*Directions for this task*:
Required from the data below: the exact lines starting at the line containing "Love story на" and ending at the line containing "4207 Manhattan Beach", with both ends kept and all pictures dropped.

* * *

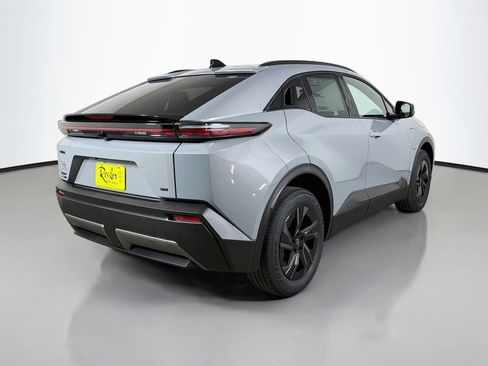 New 2026 Toyota C-HR AWD/4WD image 5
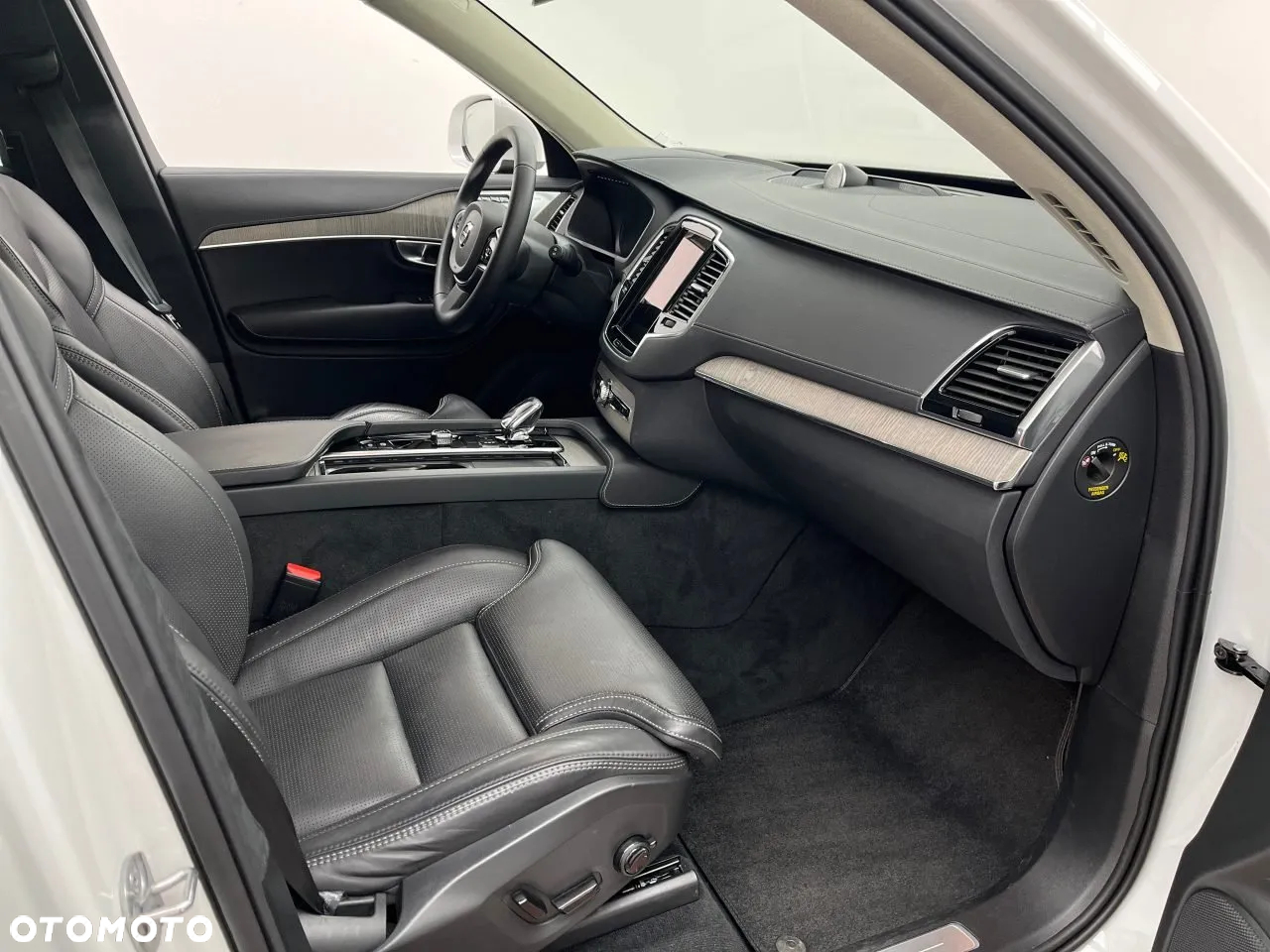 Volvo XC 90 T8 AWD Recharge Geartronic RDesign Edition - 7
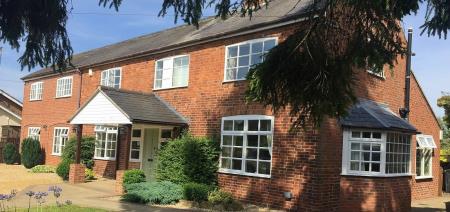 Brookside Residential Care Home - Market Harborough, Leicestershire LE16 8LQ - 01858 465899 | ShowMeLocal.com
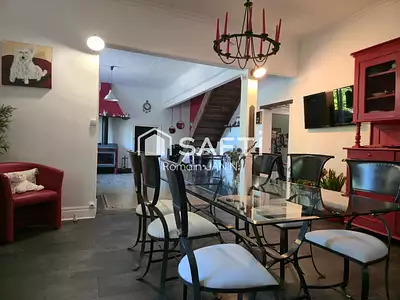 Maison, 210 m²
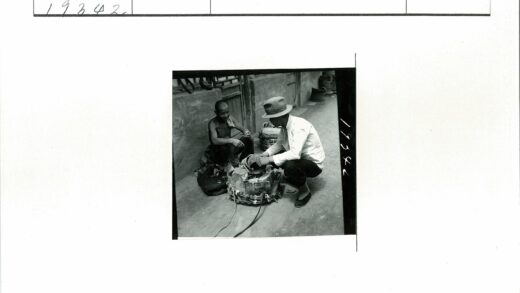 街头男子与篮子物品交流.jpg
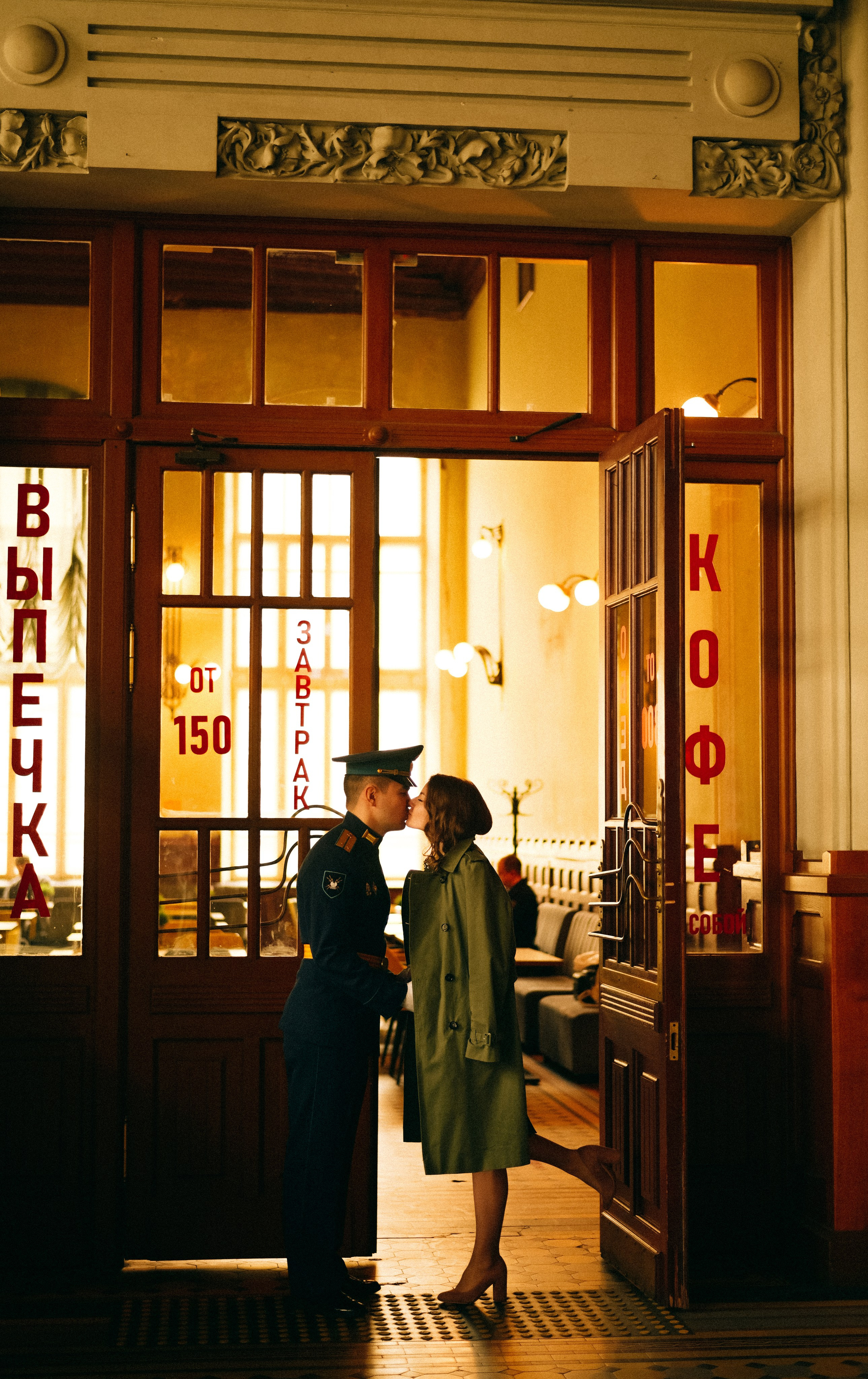 Love story на вокзале. Анастасия и Азамат. Семейный и свадебный фотограф в Санкт-Петербурге Яна
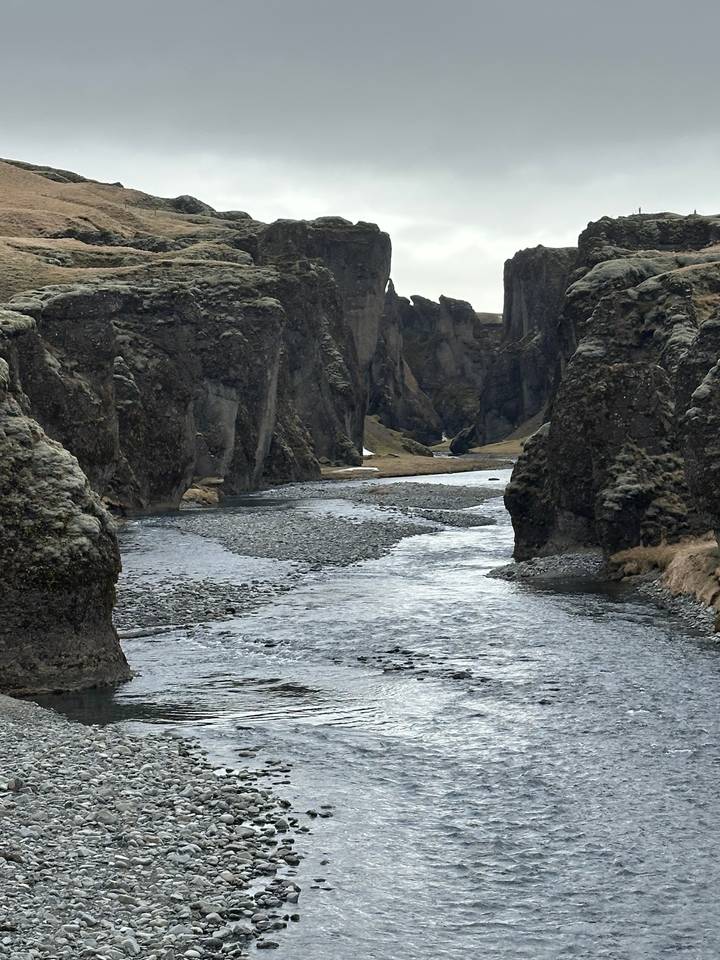 Rochers côtiers avec des eaux agitées.
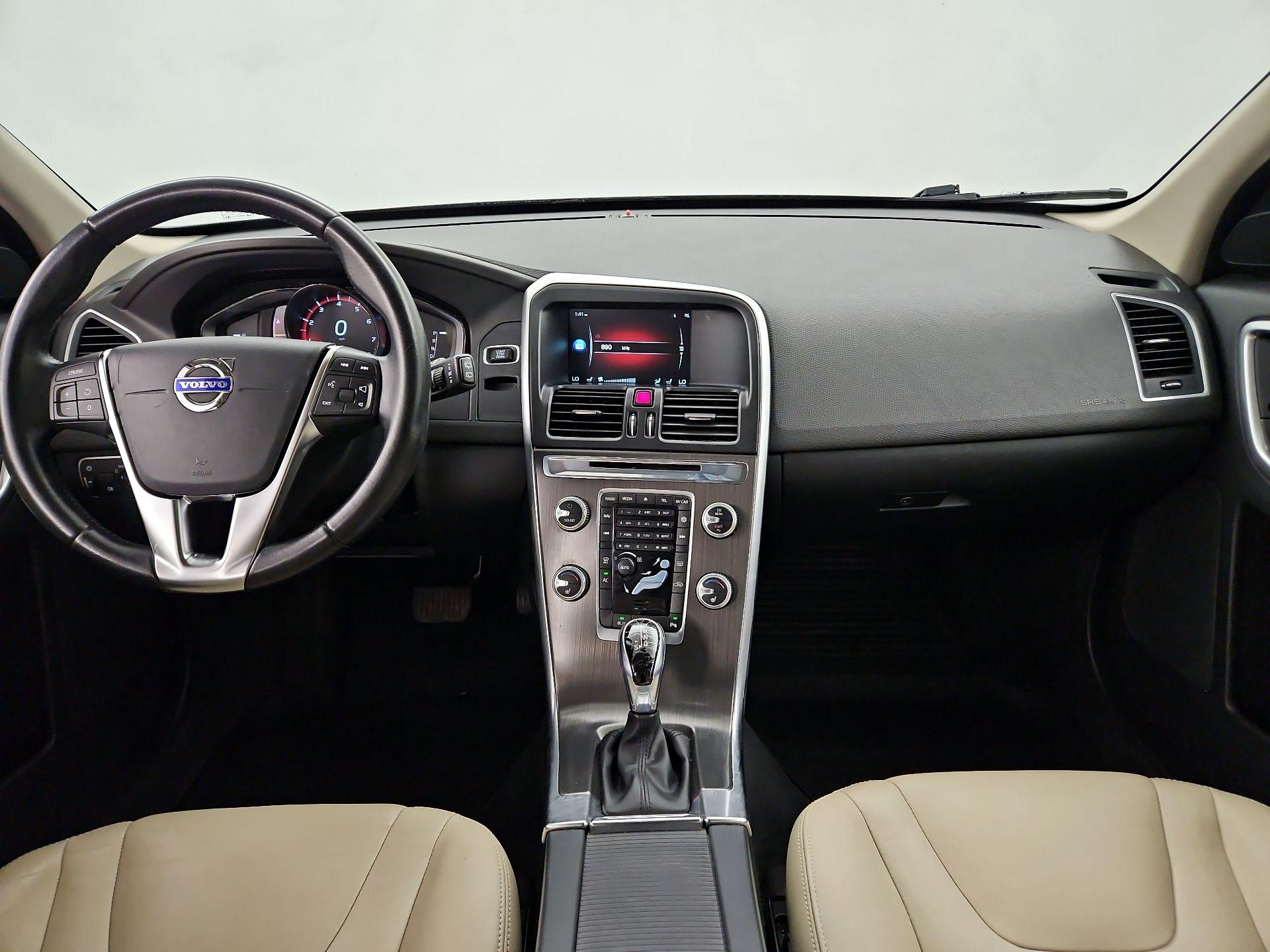 Thumbnail: 2016 Volvo XC60 - 9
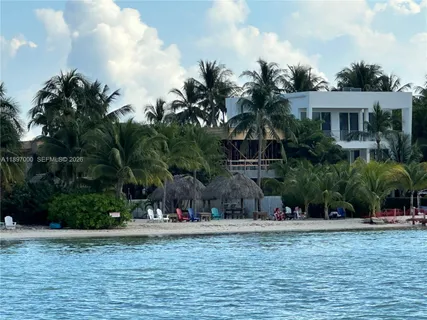 $1,699,000 | 164 Venetian Drive, Islamorada, FL 33036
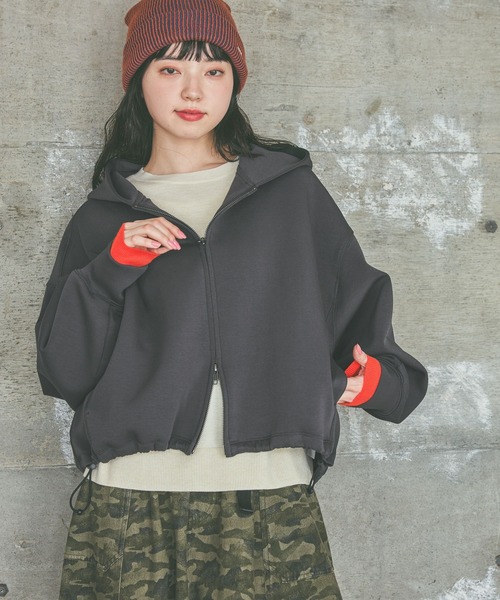 niko and...（ニコアンド）の「エアバルーンWジップパーカー（パーカー・レディース・ライトグリーン/ブラウン/チャコール/グレー・MEDIUM/LARGE）」の16枚目の写真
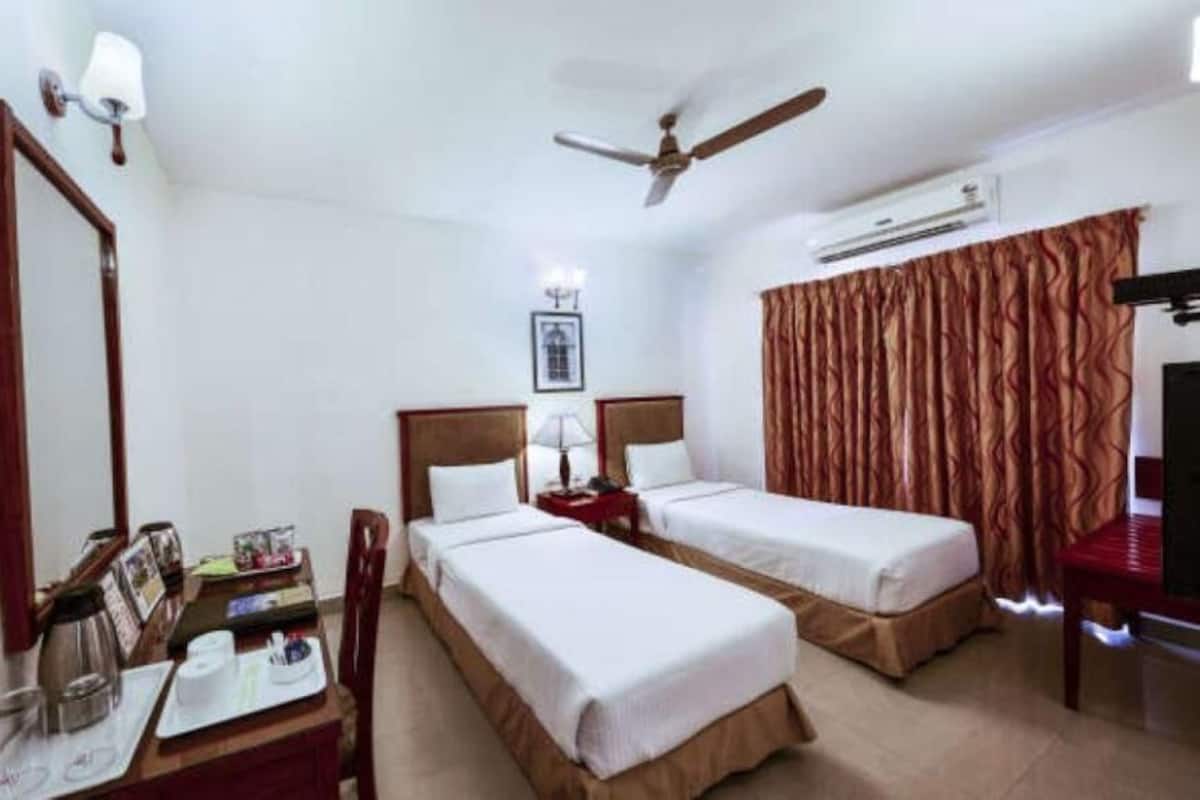 Minibar, in-room safe, desk, laptop workspace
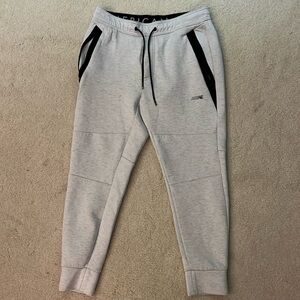 White American Eagle Joggers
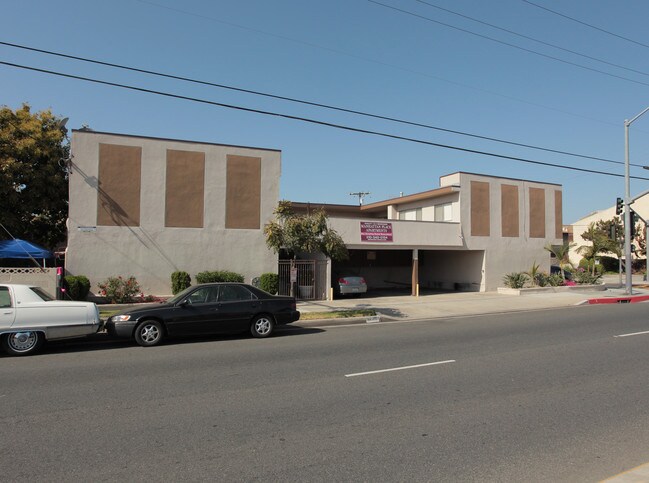 4207 Manhattan Beach Blvd in Lawndale, CA - Foto de edificio - Building Photo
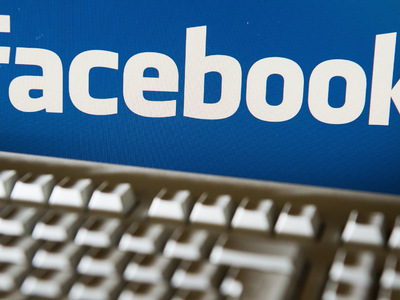 Вести.net: Facebook будет бороться с фейками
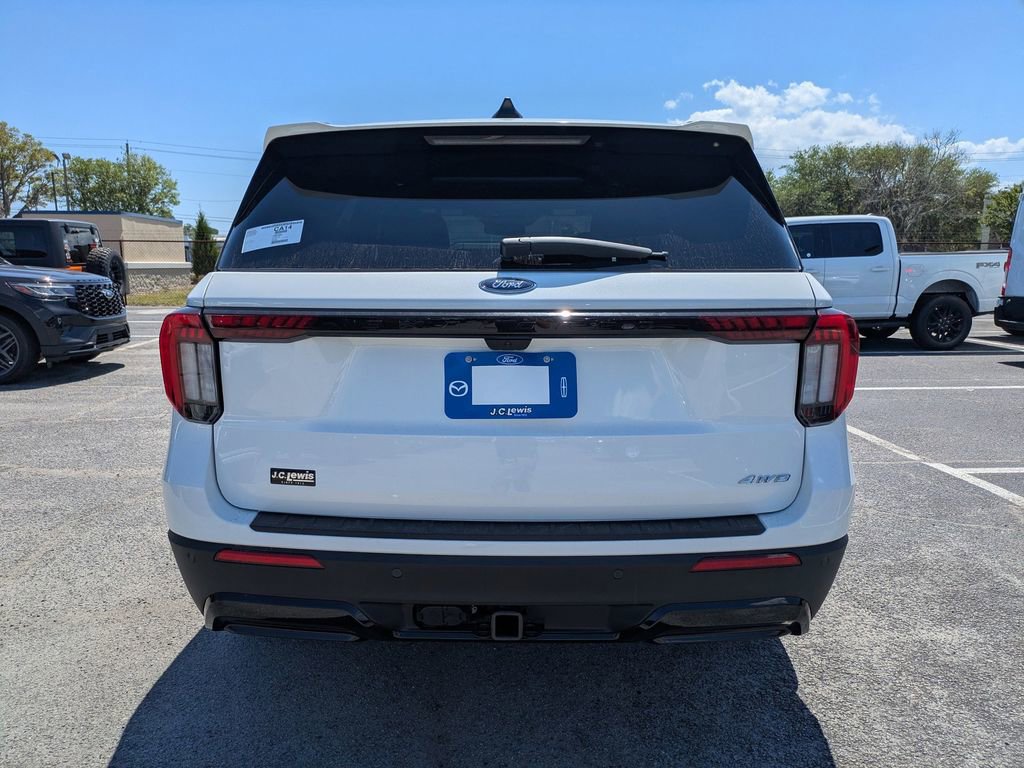 New 2026 Ford Explorer ST-Line image 5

* * *

*Written response*:
 Love story на вокзале. Анастасия и Азамат. Семейный и свадебный фотограф в Санкт-Петербурге Яна
 Rochers côtiers avec des eaux agitées.
 Thumbnail: 2016 Volvo XC60 - 9
 $1,699,000 | 164 Venetian Drive, Islamorada, FL 33036
 niko and...（ニコアンド）の「エアバルーンWジップパーカー（パーカー・レディース・ライトグリーン/ブラウン/チャコール/グレー・MEDIUM/LARGE）」の16枚目の写真
 Minibar, in-room safe, desk, laptop workspace
 White American Eagle Joggers
 4207 Manhattan Beach Blvd in Lawndale, CA - Foto de edificio - Building Photo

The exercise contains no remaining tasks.